Sunday, April 19, 2020

U.S Home Solar Cost Comparisons, 2014 vs. 2020

U. S. Home Solar Cost Comparisons, 2014 vs. 2020

PV solar panel systems are typically valued at price per watt installed. As of January 2020, the average installed price was $2.96/watt. The true value of the energy produced is also affected by efficiency, which varies from about 15% to about 23%. Solar panels only can be found online for about $1.20/watt or lower but can vary quite a bit in quality.

I chose 2014 since I had a grid-tied system installed on my roof in Ohio that year. For comparison my own 4.3Kw system cost about $3.49/watt with polycrystalline Chinese-made Trina panels that were around 16% efficient.
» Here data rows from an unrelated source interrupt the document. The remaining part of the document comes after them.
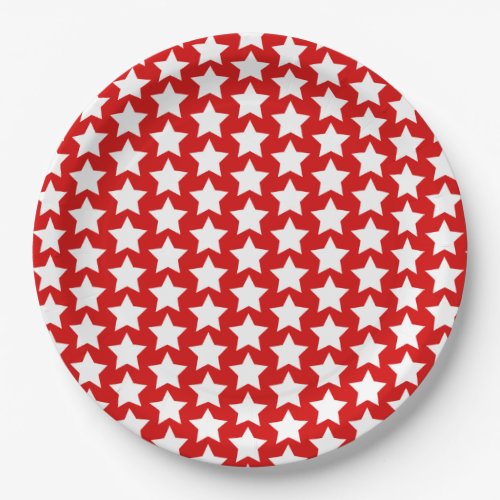 Red with a White Stars Pattern Paper Plates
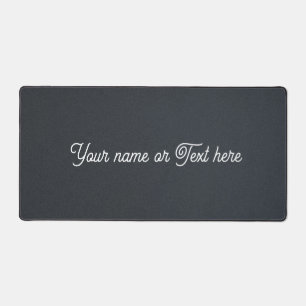 Minimalist Charcoal Grey Grainy Texture Desk Mat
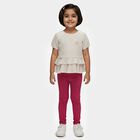 Girls' White Round Neck Romantic T-Shirt, सफ़ेद, small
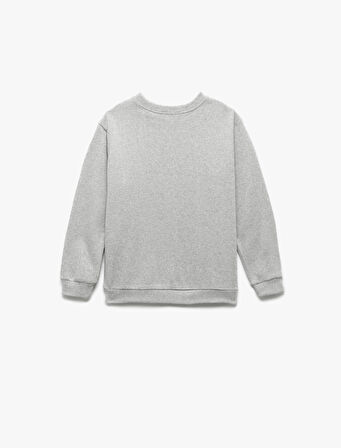 Uzun Kollu Bisiklet Yaka Baskılı Sweatshirt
However, I was able to get the 30% federal tax credit which is at 26% for 2020. Another factor that has changed since then is the 30% tarrif on Chinese-made solar panels imposed by the Trump administration in 2018. In terms of overall system cost before tax credits or efficiency gains, a system is about 15% less in 2020 compared to 2014. Add in the tax credit change and the improvement drops to about 10.3%.
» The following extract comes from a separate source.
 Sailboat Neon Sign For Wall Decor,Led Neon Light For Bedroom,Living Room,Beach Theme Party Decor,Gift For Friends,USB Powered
My Trina panels are only at about 15.9% efficiency so there is much improvement in some of the newer more efficient panels. Some of the better panels now are at over 20% efficiency. I am going to assume here an average of 20.5% efficiency for comparison. That is a 4.6% improvement. Original economics for my system started out at about 12.5 years for payout but due to changes in state renewable energy credits just after installation dropped to about 13.5 years for breakeven. Improvements in efficiency combined with lower overall system costs mean that for a system installed today my breakeven might be 11.55 years, an improvement of just about 2 years, which is pretty significant. The bottom line here is that even with some fade-out of the federal tax credit and tariffs on Chinese panels, which are cheapest, the incremental improvements made between 2014 and 2020 are significant, making an installed 2020 PV solar system up to 15.5% cheaper than one installed in 2014.
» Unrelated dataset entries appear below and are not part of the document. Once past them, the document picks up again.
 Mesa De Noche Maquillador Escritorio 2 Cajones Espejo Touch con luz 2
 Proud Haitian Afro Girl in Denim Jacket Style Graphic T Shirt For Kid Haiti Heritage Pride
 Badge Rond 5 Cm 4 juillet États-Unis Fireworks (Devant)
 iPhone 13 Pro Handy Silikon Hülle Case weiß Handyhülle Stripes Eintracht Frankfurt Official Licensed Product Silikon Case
The changes in state renewable energy credits (SRECs) indicate that the economics of home solar vary by state. State renewable energy portfolios that require a certain amount of energy to be renewable are one reason for the variation. Another way that states vary is by net metering rules, meaning how the power company pays the home energy producer for their excess generation. There are also varying fees for purchasing reversible meters and for power purchase agreements. Some states have more incentives than others.

One can also save money by buying one’s own panels and self-installing rather than purchasing from an installer. One needs to get a licensed electrician to hook the panels to the inverter. In most states grid-tied systems require that professional solar panel installers do the work so self-installing is only really an option for off-grid systems. While complete systems can be found online for about $1.50/watt, racking systems, and installation including acquiring required permits in many areas adds much more to cost.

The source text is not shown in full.